**ENTRIES PROVIDED**
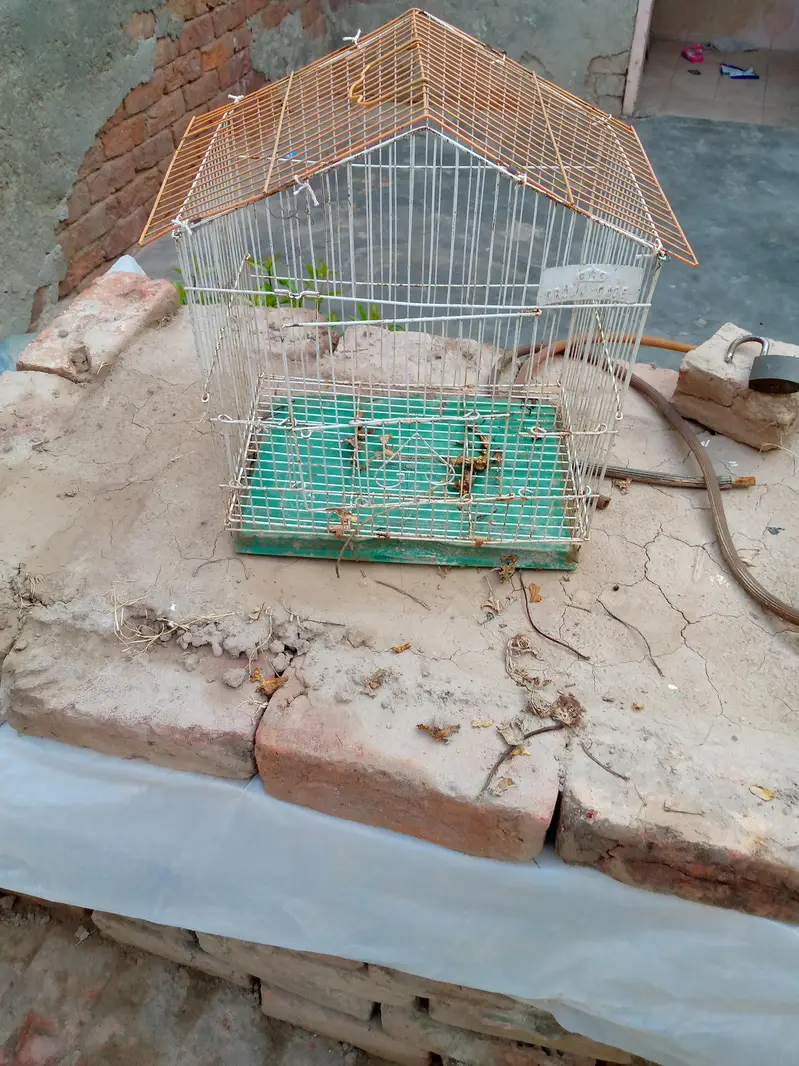 Cage for sale — photo 3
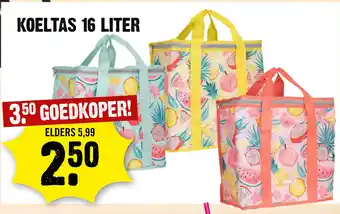 Dirck 3 Koeltas 16L aanbieding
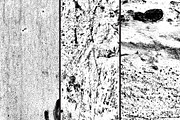 GSTC - Paint textures, a Texture Graphic by The Shop (Thumbnail 23 of 44)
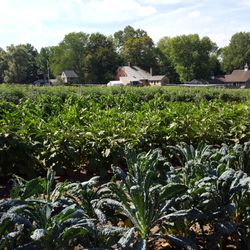 Saltbox Farm - Autumn farm in full flush!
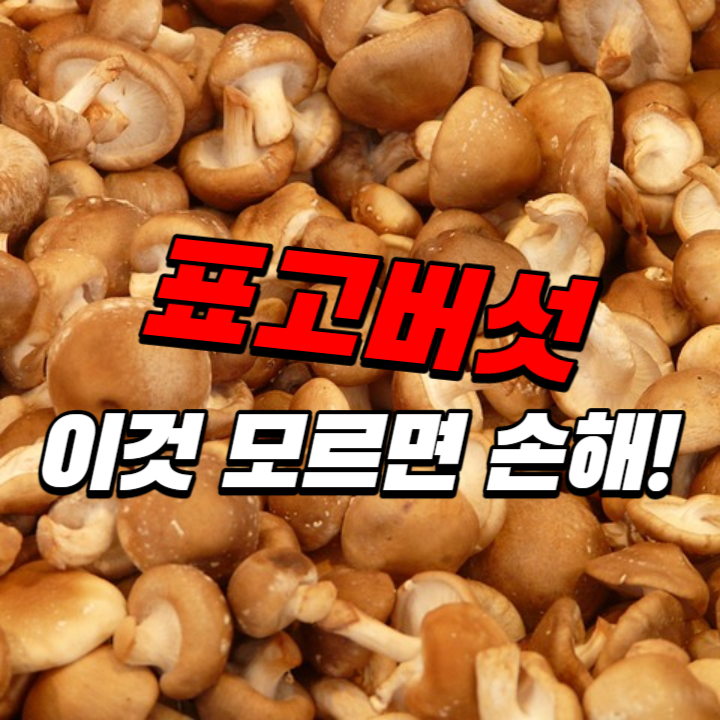 표고버섯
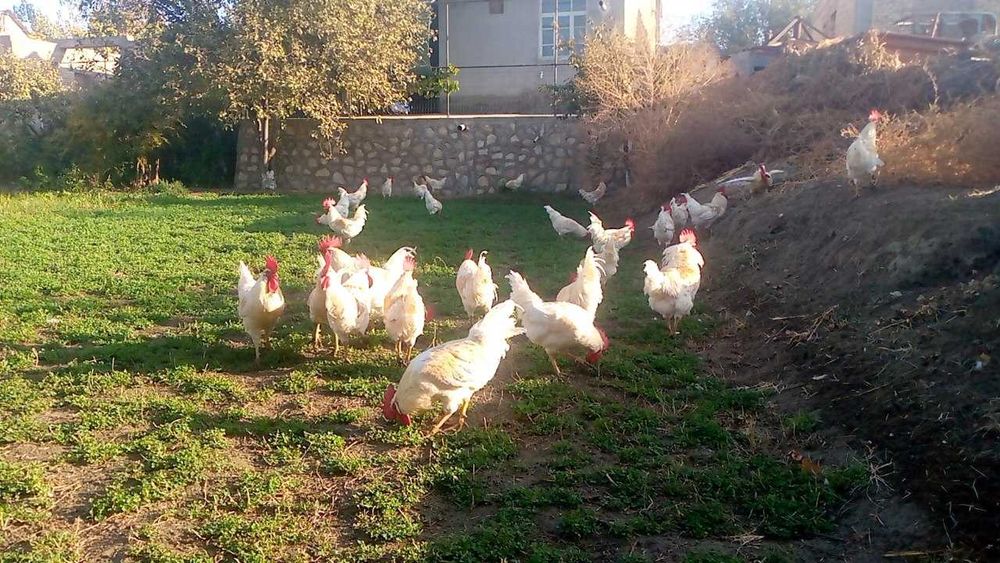 Продаётся здоровые, чистые петухи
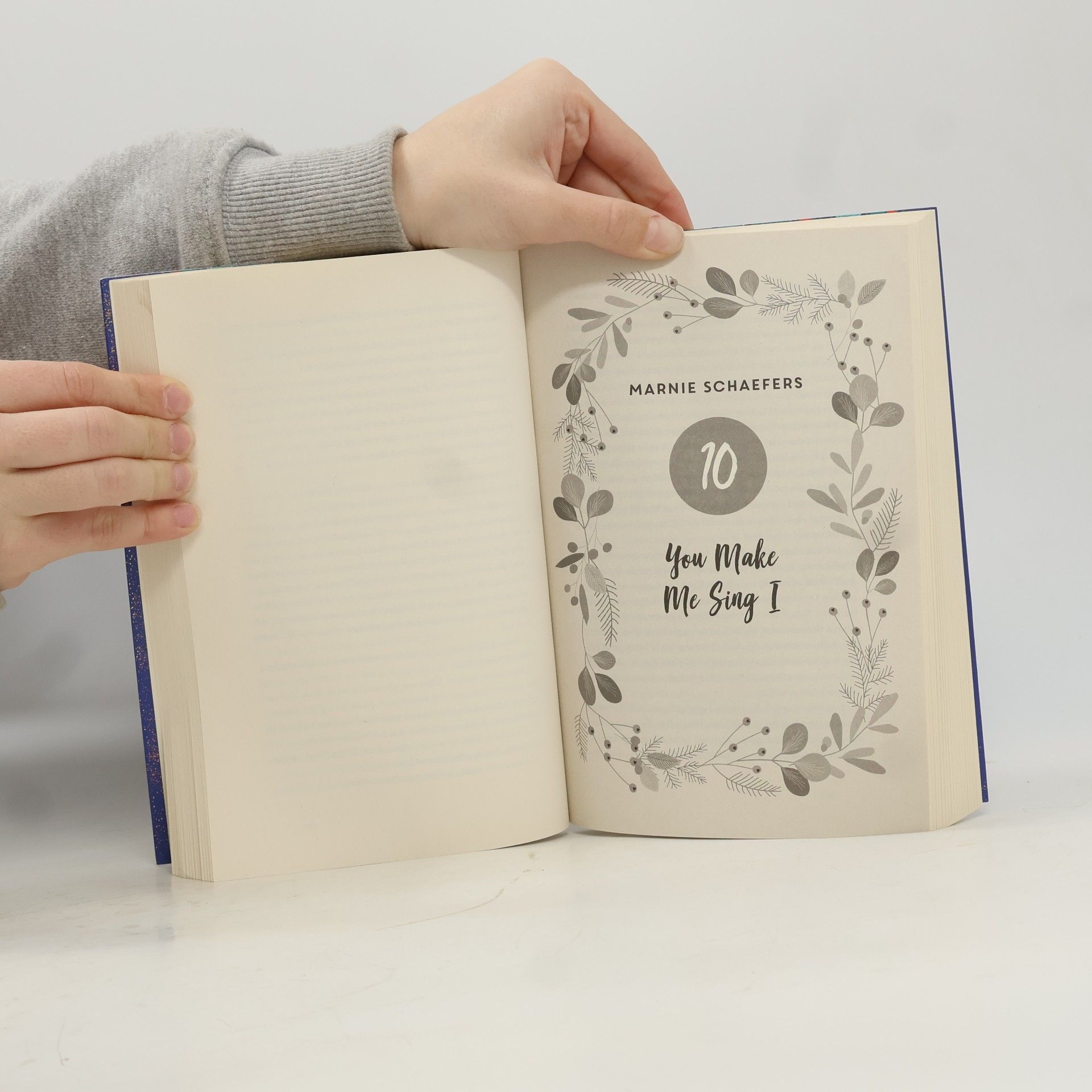 Bianca Iosivoni December Dreams. Ein Adventskalender, 24 Lovestorys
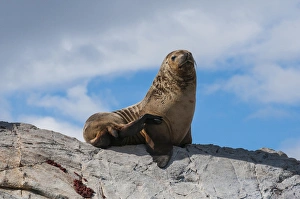Sea lions, Beagle channel, Argentina, South America Sea lions, Beagle channel, Argentina, South America
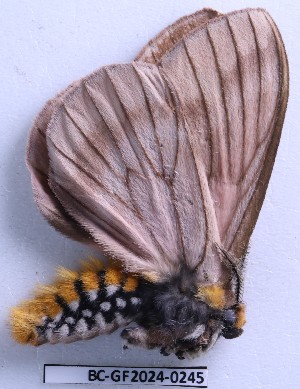  ( - BC-GF2024-0245)  @11 [ ] Creative Commons (2024) rodolphe rougerie Museum national d'histoire naturelle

**EXERCISE**
Only the lines from the line holding "Bianca Iosivoni December" through the last line above belong in the answer, repeated exactly; the pictures do not.

**TASK RESPONSE**
 Bianca Iosivoni December Dreams. Ein Adventskalender, 24 Lovestorys
Sea lions, Beagle channel, Argentina, South America Sea lions, Beagle channel, Argentina, South America
  ( - BC-GF2024-0245)  @11 [ ] Creative Commons (2024) rodolphe rougerie Museum national d'histoire naturelle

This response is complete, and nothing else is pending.